Look through the listing below for the line with "If speed1 is" and the line with "From the results". Copy both, along with every line between them, exactly and with no pictures.

#### [Data shown]
------------------------------------

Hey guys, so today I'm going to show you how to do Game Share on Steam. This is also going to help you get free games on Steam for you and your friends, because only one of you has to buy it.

------------------------------------

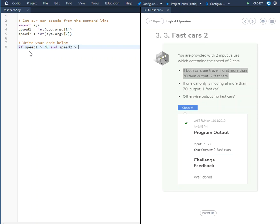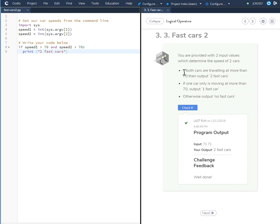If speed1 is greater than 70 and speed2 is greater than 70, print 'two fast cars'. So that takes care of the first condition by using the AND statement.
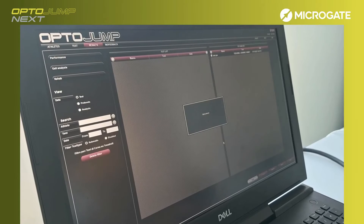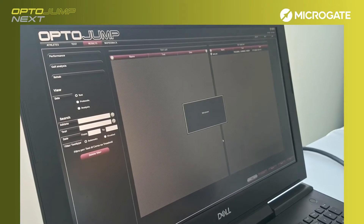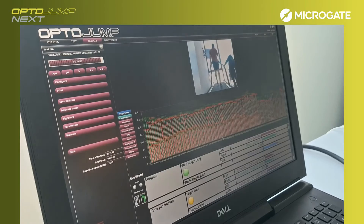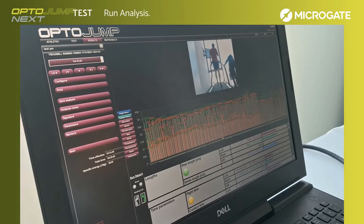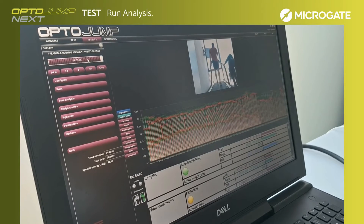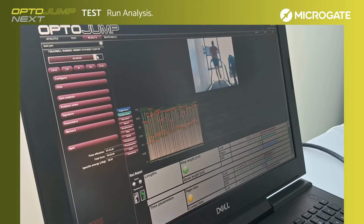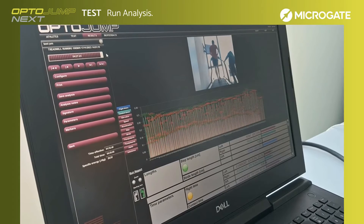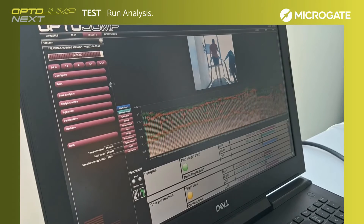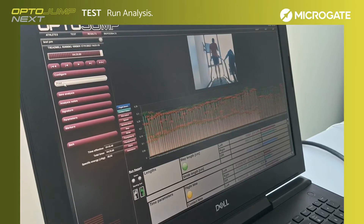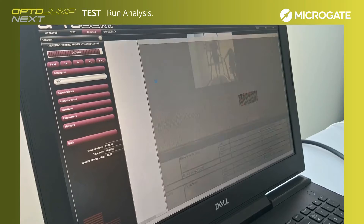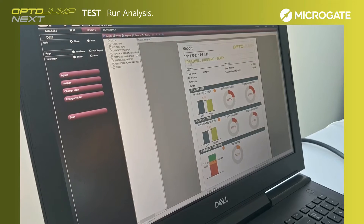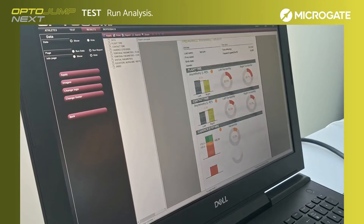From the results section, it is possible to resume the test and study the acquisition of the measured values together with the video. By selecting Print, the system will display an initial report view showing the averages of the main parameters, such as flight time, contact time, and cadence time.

------------------------------------

#### [Task result]
If speed1 is greater than 70 and speed2 is greater than 70, print 'two fast cars'. So that takes care of the first condition by using the AND statement.
From the results section, it is possible to resume the test and study the acquisition of the measured values together with the video. By selecting Print, the system will display an initial report view showing the averages of the main parameters, such as flight time, contact time, and cadence time.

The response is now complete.